KORG DS-10 とは、Nintendo DS 上で動くアナログシンセシミュレータ。手軽に持ち運びできるシーケンサ・シンセソフトとして一部で人気を博しているガジェットで、YouTube やニコニコ動画でも DS-10 動画を多数見ることができますが、そんな DS-10 を駆使したパフォーマンスの数々を生で見られるイベント「KORG DS-10 EXPO 2008 in Tokyo」が10月26日に渋谷 club axxcis で開催されました。会場内は一見クラバーには見えない人々で埋まっており、パフォーマーの手元の DS-10 をアップで写したスクリーンを食い入るように見詰めていたりずっと Nintendo DS をいじっている人々がいるなど、まさしくDS-10オペレータの祭典に相応しい光景でした。

ステージでは DS-10 プロデューサーで元ナムコサウンドチーム現 cavia の佐野信義氏の司会のもと、DS-10 を6台使った演奏など、DS-10 を極限まで使い倒してやろうという意気込みのパフォーマンスが繰り広げられました。またサプライズゲストとして、日本でシンセといえばこの人、の松武秀樹氏 (写真左) が壇上で挨拶。「昔は重い機材を苦労して運んでた。あの時DS-10があったら良かったのに」の発言で会場はおおいに湧いていました。ちなみに写真で右側に写っているのは DS-10 の開発に携わった KORG 金森与明氏。

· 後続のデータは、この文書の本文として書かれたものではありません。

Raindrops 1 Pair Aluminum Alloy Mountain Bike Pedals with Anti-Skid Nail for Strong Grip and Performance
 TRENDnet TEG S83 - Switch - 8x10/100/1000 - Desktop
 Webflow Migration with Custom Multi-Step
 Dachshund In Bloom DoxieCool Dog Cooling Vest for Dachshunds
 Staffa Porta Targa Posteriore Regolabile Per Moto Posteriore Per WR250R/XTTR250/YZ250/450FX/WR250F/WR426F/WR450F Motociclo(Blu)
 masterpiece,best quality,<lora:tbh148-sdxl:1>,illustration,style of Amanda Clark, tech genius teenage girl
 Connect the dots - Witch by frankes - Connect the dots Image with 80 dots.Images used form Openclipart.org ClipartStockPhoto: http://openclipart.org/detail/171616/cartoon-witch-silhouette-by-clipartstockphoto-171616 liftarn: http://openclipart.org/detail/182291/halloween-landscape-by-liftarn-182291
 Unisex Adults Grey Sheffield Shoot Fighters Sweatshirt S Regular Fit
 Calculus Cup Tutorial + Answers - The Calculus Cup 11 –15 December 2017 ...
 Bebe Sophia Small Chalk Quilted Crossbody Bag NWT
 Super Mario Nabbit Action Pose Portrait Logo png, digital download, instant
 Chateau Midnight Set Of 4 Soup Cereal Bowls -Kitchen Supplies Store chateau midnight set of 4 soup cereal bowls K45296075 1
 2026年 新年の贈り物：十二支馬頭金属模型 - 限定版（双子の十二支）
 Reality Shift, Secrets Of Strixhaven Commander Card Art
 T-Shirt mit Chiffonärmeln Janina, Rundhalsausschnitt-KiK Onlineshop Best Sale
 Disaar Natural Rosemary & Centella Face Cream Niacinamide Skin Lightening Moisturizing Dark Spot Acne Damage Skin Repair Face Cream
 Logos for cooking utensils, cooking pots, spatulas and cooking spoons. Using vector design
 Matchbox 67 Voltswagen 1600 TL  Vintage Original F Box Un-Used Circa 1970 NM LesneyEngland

ちなみに DS-10 には、スタイラスを動かして音程やゲートなどのパラメータをリアルタイムに制御できる「カオス・パッド」モードなど、リアルタイムでの演奏パフォーマンスのための機能も用意されているため、ステージでの生演奏にも対応可能。写真のヨナオケイシ氏をはじめ、リアルタイムでの演奏に各自工夫を凝らしていました。もっとも、小さな DS-10 の画面をペンでいじっている姿はどうにも音楽を演奏しているように見えないのが残念といえば残念。是非ともステージパフォーマンス用に、こんな改造だとかこんなDS の登場を待ちたいところです。

参考 - 出演者リスト

なお、EXPO 2009 の予定はまだ立っていないとのこと。